Regia di Fritz Lang vedi scheda film
Düsseldorf è presa sotto scacco da un maniaco infanticida imprendibile. La polizia assedia la città disturbando le attività di criminali e barboni che decidono così di farsi giustizia da soli.
Ispirandosi a fatti realmente accaduti nella Germania degli anni ’20 Fritz Lang convoglia il male e i misfatti dei due originari assassini nella figura unica di Hans Beckert interpretato magistralmente da Peter Lorre che riesce ad incarnarne pulsioni e paure già a partire dallo sguardo, allucinato e sconvolto, che lo rappresenta per tutta la durata della pellicola.
Il racconto si svolge attraverso due filoni narrativi: da una parte le azioni del malessere e dall’altra la polizia e il popolo tutto che escogita modi e trappole per catturarlo prima che perpetri ancora il suo orrendo crimine. E se la narrazione relativa al mostro, le cui gesta non vengono mai palesate ma solo lasciate intendere, sia perché la censura in quegli anni era davvero molto aggressiva con le pellicole, sia perché Lang è talmente bravo a creare le condizioni utili per far capire effettivamente cosa sta accadendo. Non ha bisogno di esplicare le deplorevoli azioni ma, per tutto il film, utilizza trucchi e inquadrature, capaci di farci capire esattamente cosa sta accadendo pur senza mostrarlo apertamente.
Uno dei punti chiave di questo film sta proprio in questa caratteristica. La delicatezza di Lang nel narrare fatti abominevoli che seppur mai mostrati creano nello spettatore un senso di disagio perenne che perdura per tutta la visione.
Anche se la parte relativa alle riflessioni di polizia e società sono le più difficili e meno piacevoli da seguire, con lunghe telefonate e sproloqui tra gli addetti ai lavori che potevano anche essere ampiamente ridotti, servono in realtà a farci intendere quanto l’essere umano si crede veramente superiore e non riesce ad ammettere mai l’incapacità di accogliere quantomeno versioni e spiegazioni che vanno oltre il proprio modo di pensare.

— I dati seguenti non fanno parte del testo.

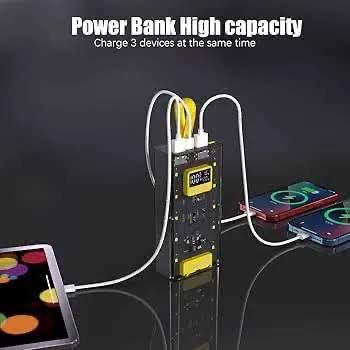 Fast Charging Portable Power Bank With Dual USB Output And Smart Display (20'000mah) ^^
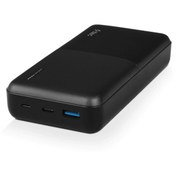 Resim Ttec Powerslim Pro Lcd 20.000 Mah Pd 20w Taşınabilir Şarj Aleti / Usb-c Giriş/çıkış Siyah Kablo'lu 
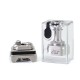 SXK GKI Air Style RBA Tank Full Kit for Boro / Billet / DotAIO V1 / V2 - Silver, 1.0 / 1.2 / 2.0 / 2.5 / 3.0 / 3.5 / 4.0mm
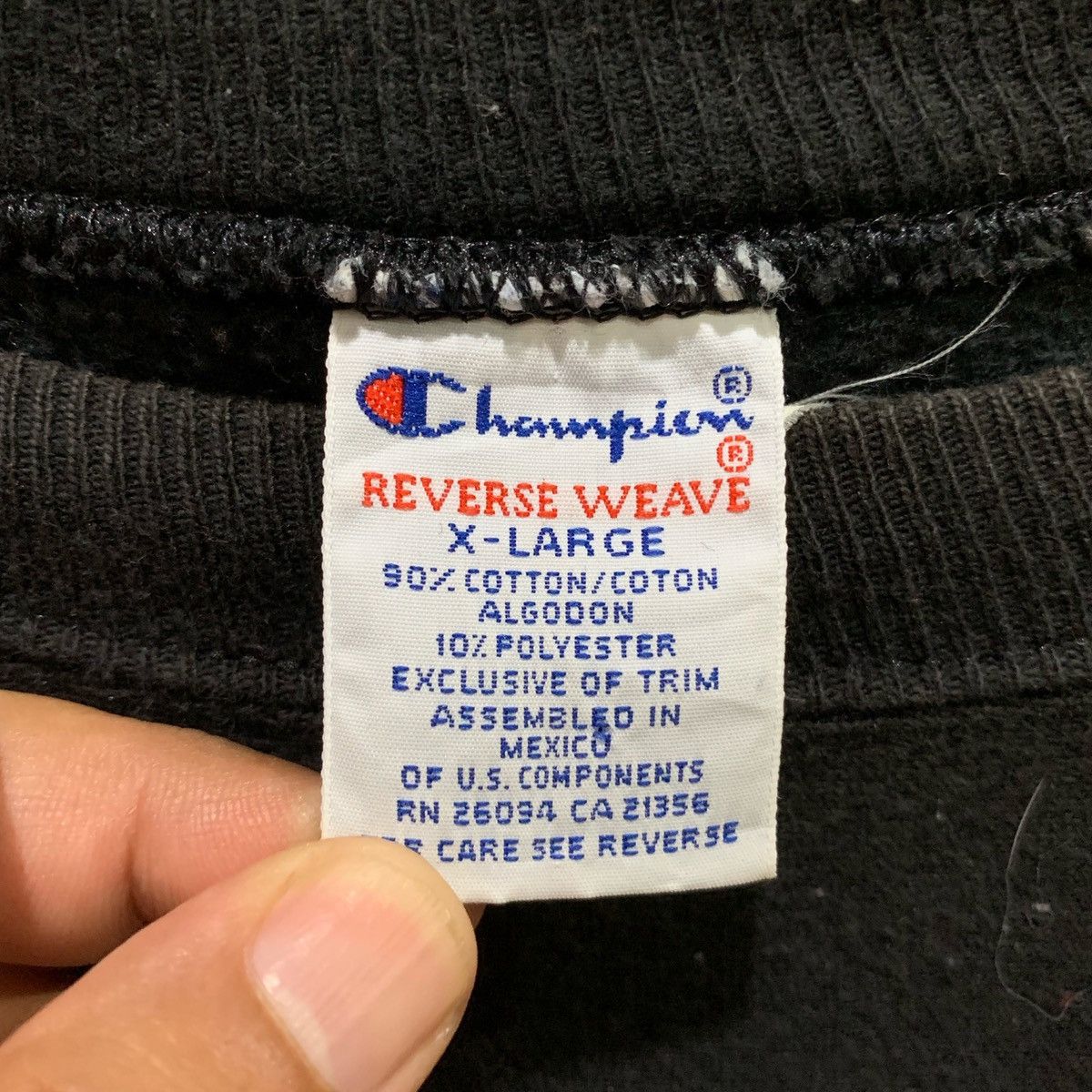 Champion × Japanese Brand × Vintage CHAMPION Sweatshirts COMRADE Design Size XL fits L Size US L / EU 52-54 / 3 - 7 Thumbnail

Per quanto le azioni perpetrate da M, ho adorato la lettera gessata che viene lasciata sul cappotto del criminale affinché tutti lo possano identificare, non ha potuto non farmi pensare a La lettera scarlatta di Nathaniel Hawthorne, siano spregevoli arriva un momento in cui Fritz Lang ha la capacità di ribaltare la situazione e il carnefice si trasforma in vittima, anche agli occhi, increduli, dello spettatore.
Il monologo finale di Peter Lorre, catturato da barboni e malviventi che gli stanno facendo un processo oltre la legge, resterà negli annali della storia del cinema. Non solo per la bravura dell’attore ma anche per ciò che intende esprimere. Una società corrotta e deviata che pretende di giudicare un uomo senza dargli la possibilità di difendersi altro non è se non lo spettro di ciò che verrà e di ciò che, in realtà, è sempre stato.
Una di quelle pellicole da vedere almeno una volta nella vita.